- Directions for this task:
What you return must match the records below character for character, except that no picture appears.

- Available data:
________________
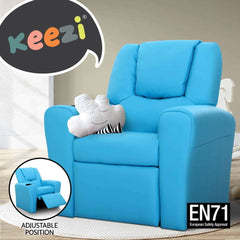 Keezi Kids Recliner Chair PU Leather Sofa Lounge Couch Children Armchair Blue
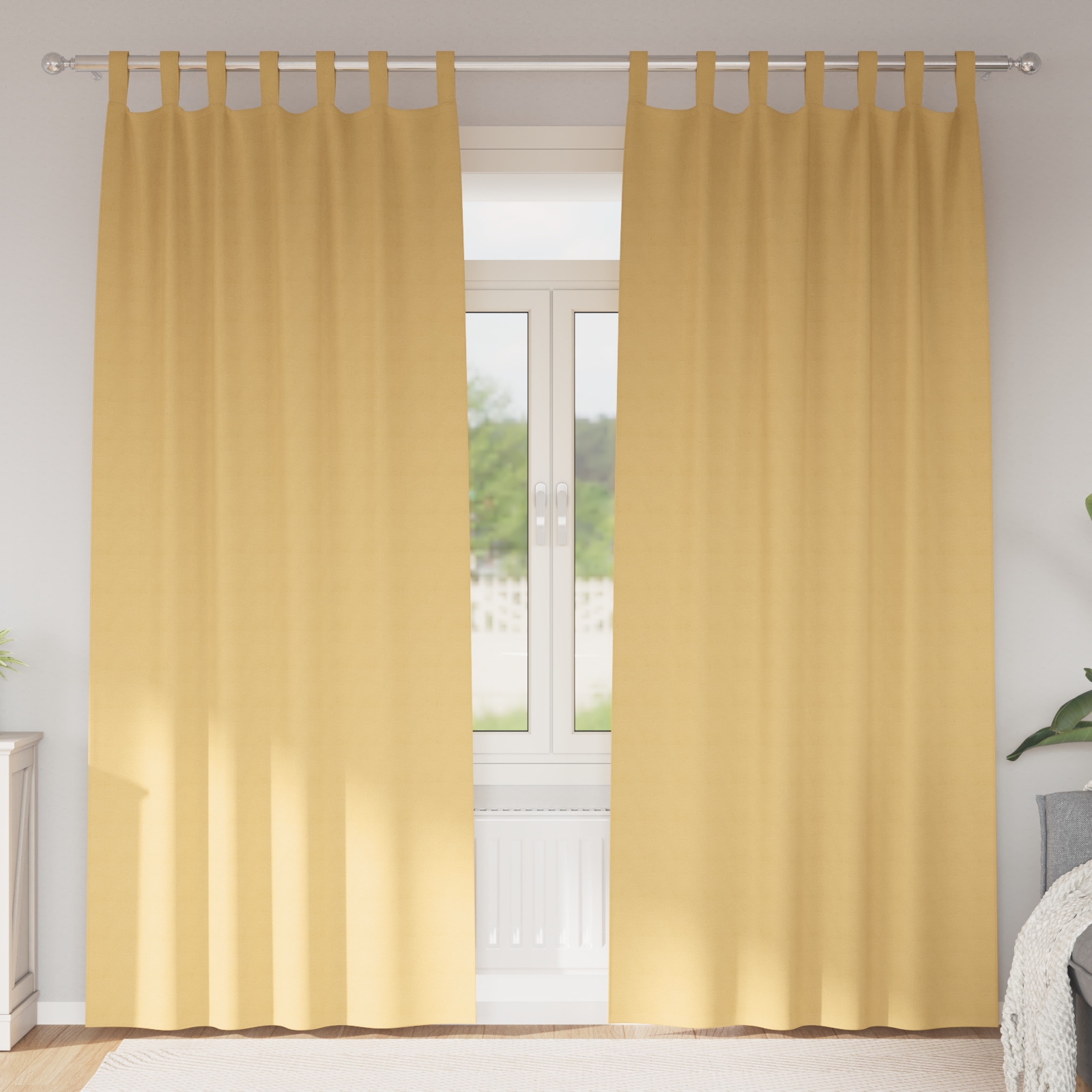 Vorhänge mit Vorhängen 2 pcs Beige 245 x 140 cm Polyester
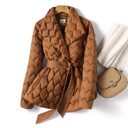 Winter Ripple-stitching Jacket With Belt Fashion Warm Pockets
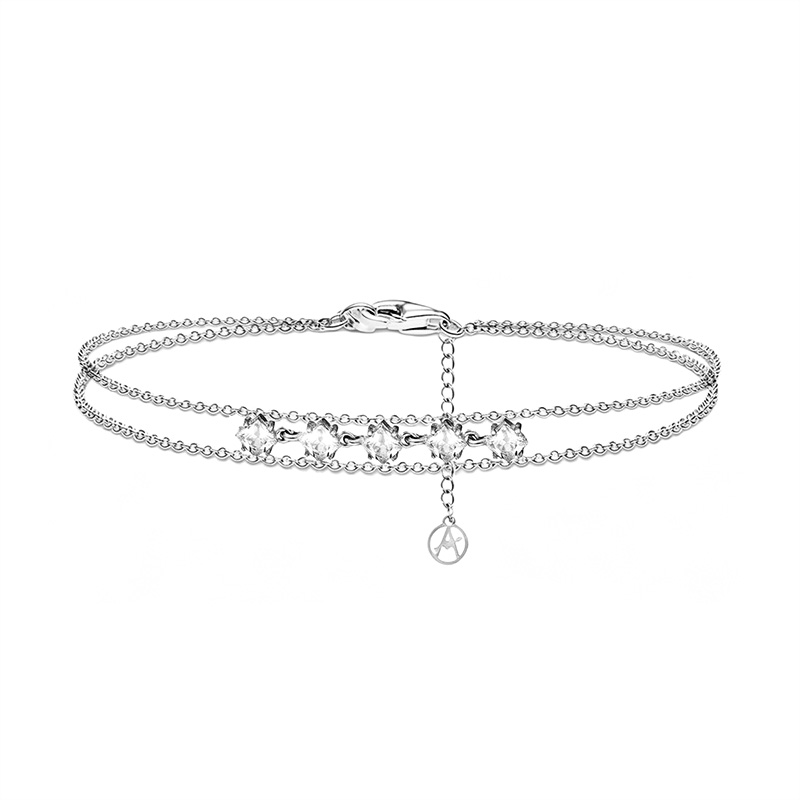 BRACCIALE DOPPIA CATENA CON ZIRCONI A ROMBO - YC2668C929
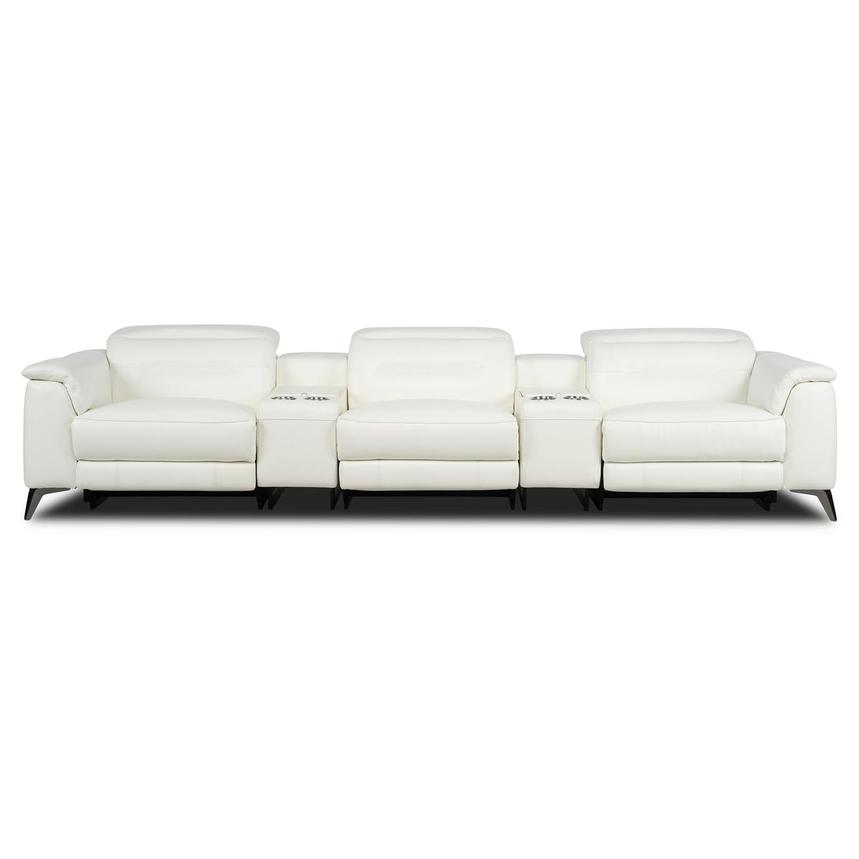 Anabel White 2.0 Home Theater Leather Seating with 5PCS/2PWR main image, 1 of 13 images.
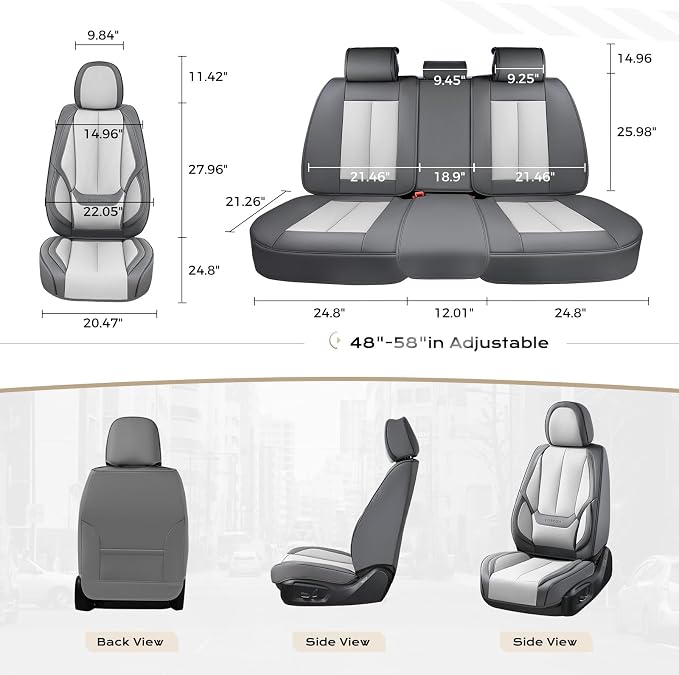 Coverado Car Seat Covers, Seat Covers for Cars, Waterproof Leather Auto Seat Protectors, Leather Car Seat Cushion, Car Interiors Accessories Universal Fit for Most Cars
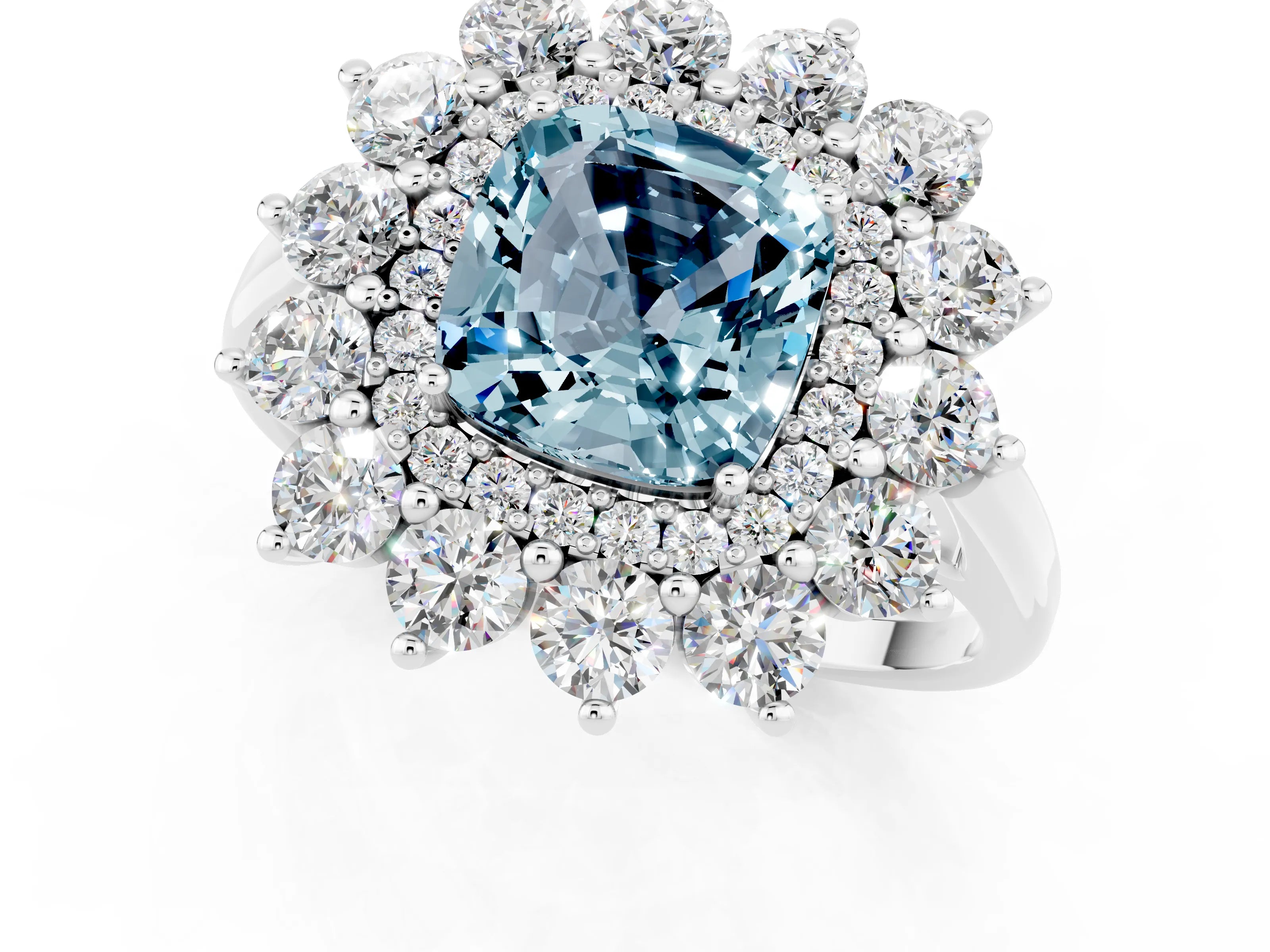 White gold Cushion Cut Halo Cluster Diamond Ring with Pave Band and Four-Prong Setting_1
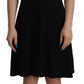 Dolce & Gabbana Black Leopard A-line Knee Length Dress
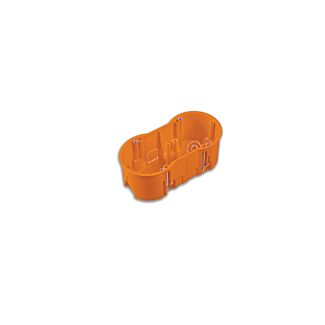 Puszka podtynkowa podwójna głęboka regips wkręty 2x60mm IP30 136x68x60 pomarańczowa PAWBOL A.0010PG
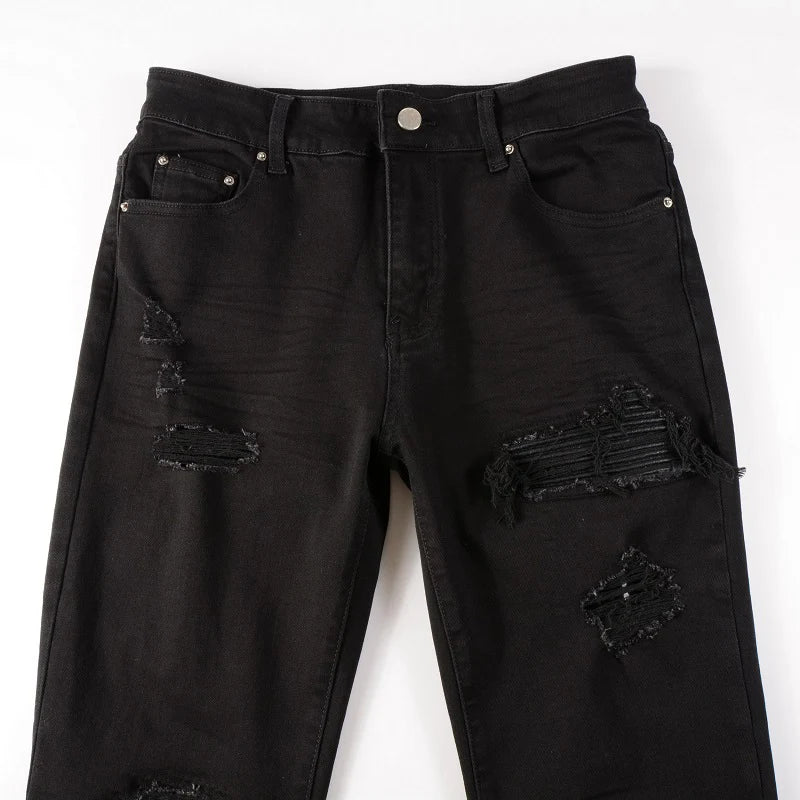 Black Leather Patch Distressed Jeans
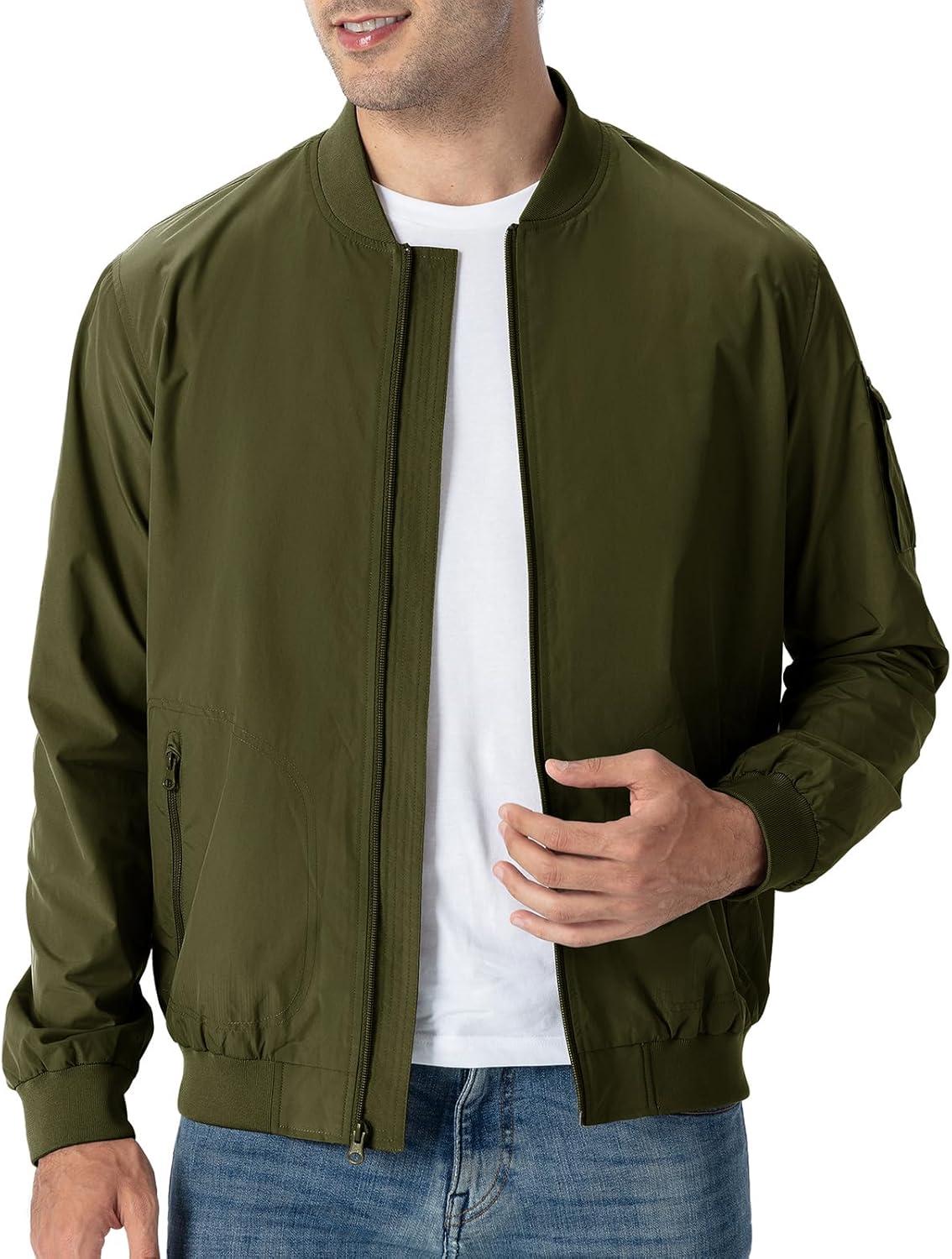 imageTBMPOY Mens Lightweight Bomber Jackets Light Windbreaker Casual Stylish Fall Golf Zip Up Dress Business VarsityA1dark Army Green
________________
- Output of the task:
 Keezi Kids Recliner Chair PU Leather Sofa Lounge Couch Children Armchair Blue
 Vorhänge mit Vorhängen 2 pcs Beige 245 x 140 cm Polyester
 Winter Ripple-stitching Jacket With Belt Fashion Warm Pockets
 BRACCIALE DOPPIA CATENA CON ZIRCONI A ROMBO - YC2668C929
 Anabel White 2.0 Home Theater Leather Seating with 5PCS/2PWR main image, 1 of 13 images.
 Coverado Car Seat Covers, Seat Covers for Cars, Waterproof Leather Auto Seat Protectors, Leather Car Seat Cushion, Car Interiors Accessories Universal Fit for Most Cars
 White gold Cushion Cut Halo Cluster Diamond Ring with Pave Band and Four-Prong Setting_1
 Dolce & Gabbana Black Leopard A-line Knee Length Dress
 Puszka podtynkowa podwójna głęboka regips wkręty 2x60mm IP30 136x68x60 pomarańczowa PAWBOL A.0010PG
 Black Leather Patch Distressed Jeans
 imageTBMPOY Mens Lightweight Bomber Jackets Light Windbreaker Casual Stylish Fall Golf Zip Up Dress Business VarsityA1dark Army Green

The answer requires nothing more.